Entre fanzines históricos, bandas de diferentes vertentes e projetos culturais que marcam gerações, Fellipe continua ativo, fiel ao espírito do “faça você mesmo” e sempre movido pela paixão. Nesta entrevista, recorda histórias, explica motivações e partilha conselhos a quem hoje quer mergulhar no universo alternativo.


Fellipe, antes de mais obrigado pela tua disponibilidade e começo por falar no teu nome de guerra, “Cara de Cachorro” tem uma história curiosa ligada ao encarte do “Morbid Visions” dos Sepultura. Podes contar como surgiu e como acabou por se tornar a tua marca no underground?


Olá, Miguel, eu é que agradeço a oportunidade desta entrevista. Olha, o apelido surgiu em 1987, quando num grupo de amigos headbangers, houve um, o Varíola, que disse que eu parecia com o cachorro de peruca que aparece no encarte do Morbid Visions. Bem, eu na altura não levei aquilo a bem e aqui no Brasil quando alguém não gosta de um apelido e reage, ele acaba por “colar”. Com o tempo, habituei-me e passei eu próprio a usar o pseudónimo Cara de Cachorro, abreviado para CDC.



Começaste a tua jornada em 1987 como correspondente da fanzine United Forces e logo depois criaste a tua própria publicação, de nome Metal Blood. O que te motivou a entrar no mundo das zines e como era produzir material impresso na época sem internet?

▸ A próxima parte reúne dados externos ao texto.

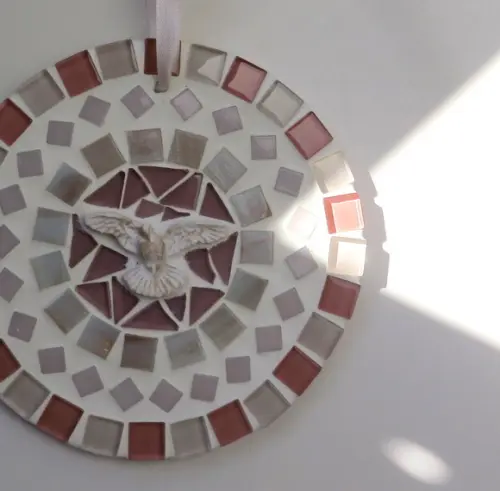 Mandalinha Divino em Mosaico Rosê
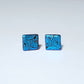 Dichroic Stud Earrings - Square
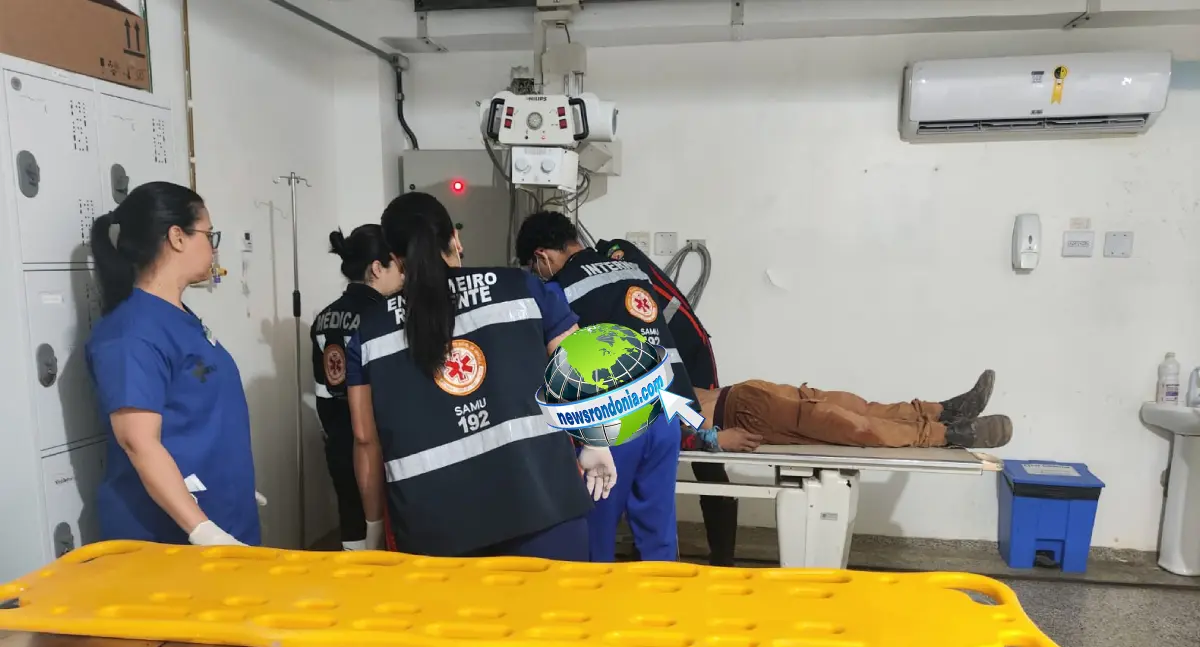 Jovem cai de telhado na zona Leste de Porto Velho e é internado em estado gravíssimo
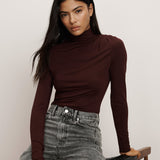 Veronica Beard - Mylie Mock-Neck Top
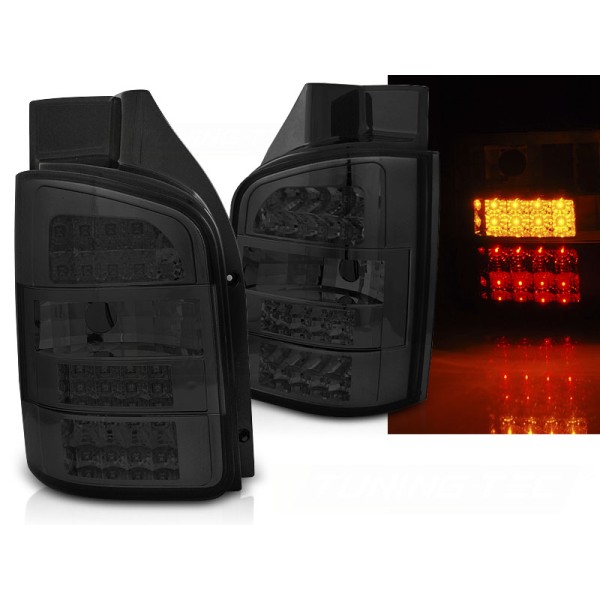 VW T5 10-15 TRASNPORTER - zadné LED svetlá dymové dvojkrídlové verzia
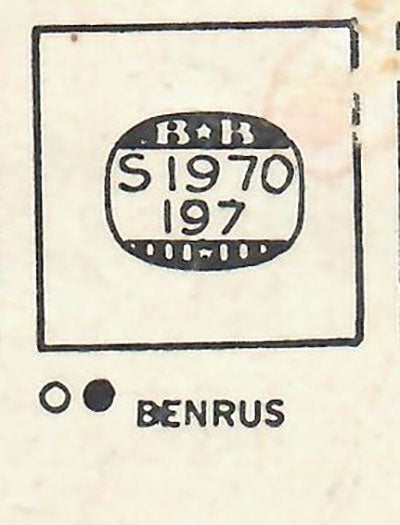 BENRUS - Square 19.7mm x 19.7mm DUREX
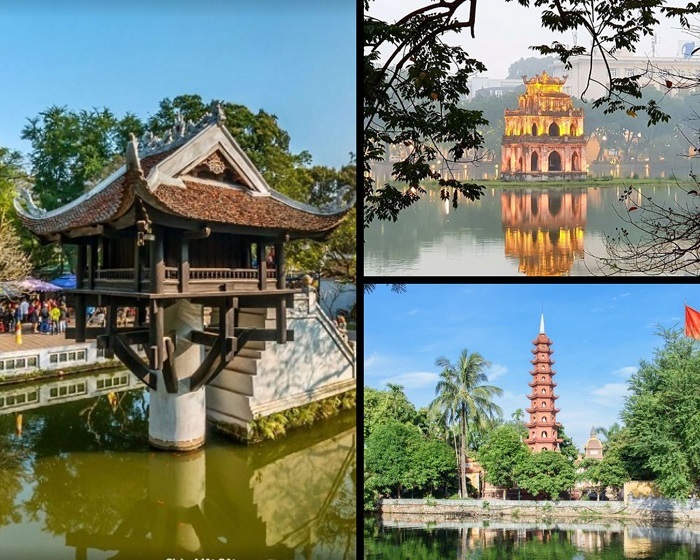 Explore the tourist attractions in Hanoi to admire the beautiful scenery and immerse yourself in the old-world atmosphere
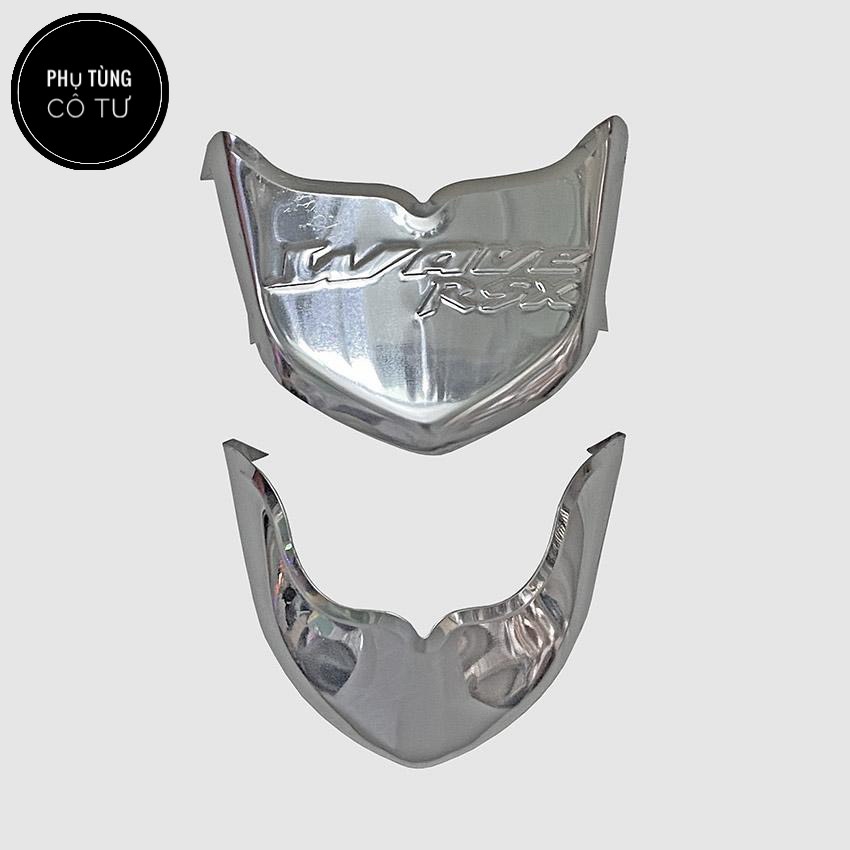 1 bộ mỏ đuôi dè xe wave rsx fi inox - bảo vệ dè inox - phụ tùng cô tư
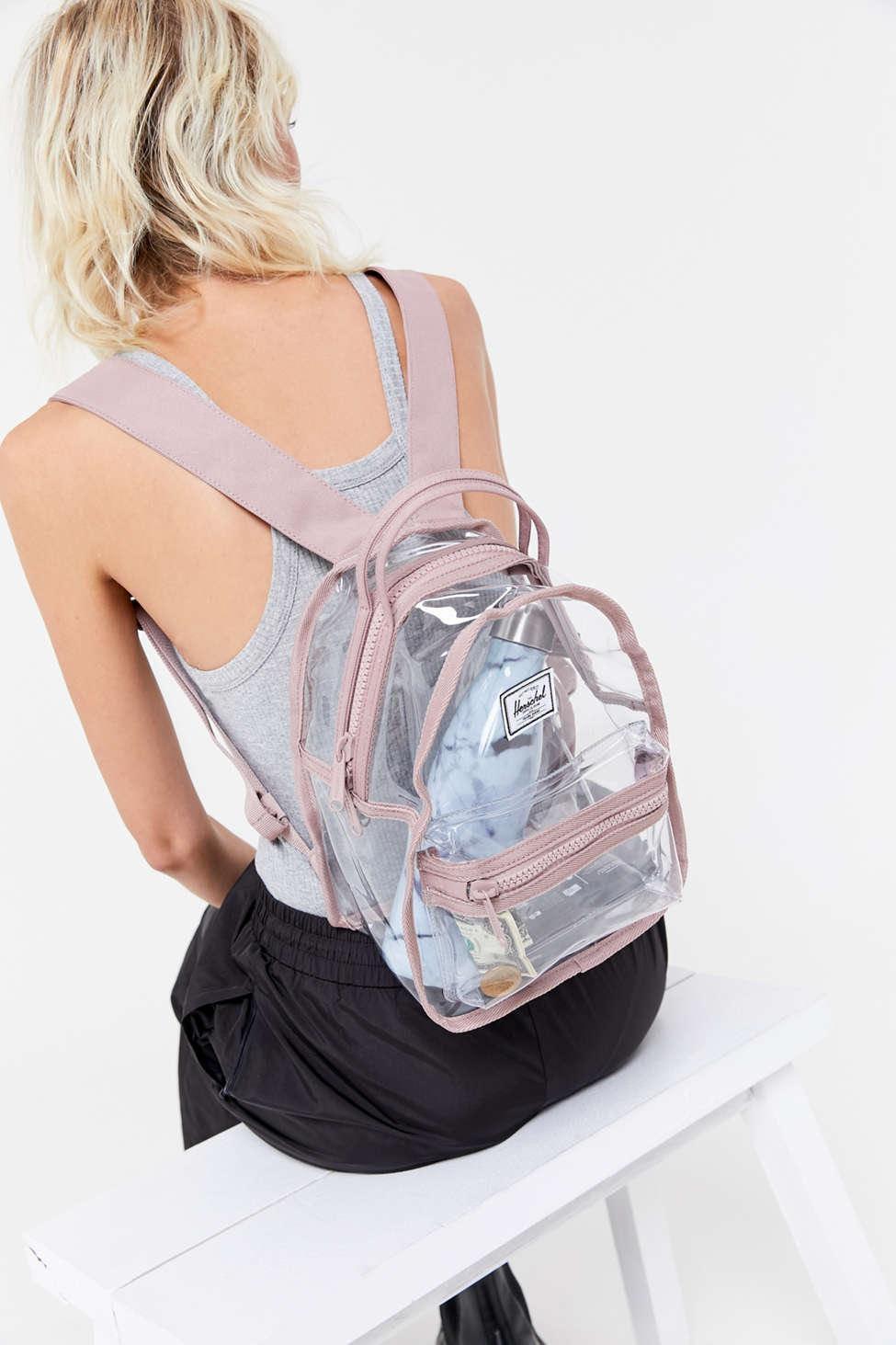 herschel nova mini clear backpack 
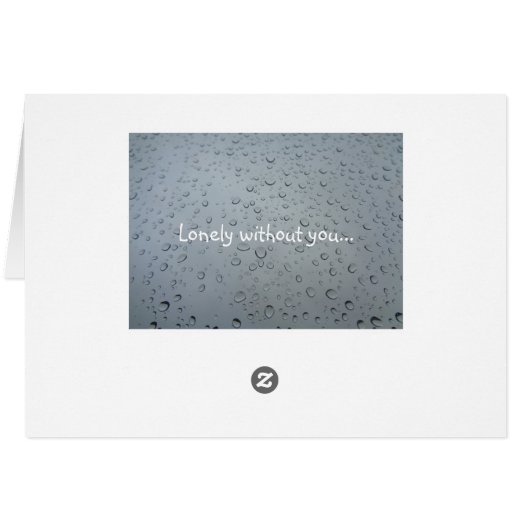Lonely without you, Water Drops, Rain Tears Sad (Back Horizontal)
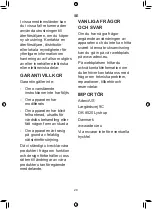 Preview for 28 page of Gastronoma 18210002 Manual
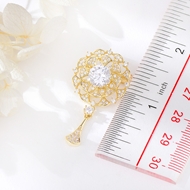 Picture of Affordable Gold Plated Cubic Zirconia Brooche from Reliable Manufacturer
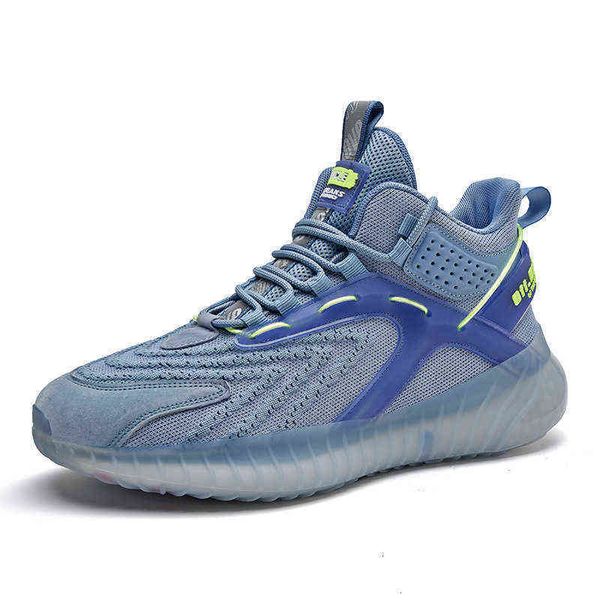 

men's shoes 2021 early autumn casual sports breathable flying woven large thick soled dad sneakers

Pois é. Faz tanto tempo e ainda tenho saudades desse período. Foi uma fase muito ativa da minha vida e que me tornou um adolescente com sede de música e de ajudar a difundir o estilo que continuo a apreciar até hoje. Conheci a United Forces através de um anúncio na revista Rock Brigade. Escrevi ao editor oferecendo-me como correspondente e tudo era feito por cartas manuscritas e selos reaproveitados. Pouco depois conheci o meu amigo António Rolldão (Kill Again Rec.) e, com o Cláudio Carrasco, começámos a Metal Blood, a primeiro zine de heavy metal do Centro-Oeste brasileiro.



Ao longo dos anos editaste inúmeras fanzines, como Protectors of Noise, Brigado do Barulho, Set List, Raio X, Meus Inimigos – Os Políticos ou Brasília – Fina Flor do Rock. Qual deles mais te marcou e porquê?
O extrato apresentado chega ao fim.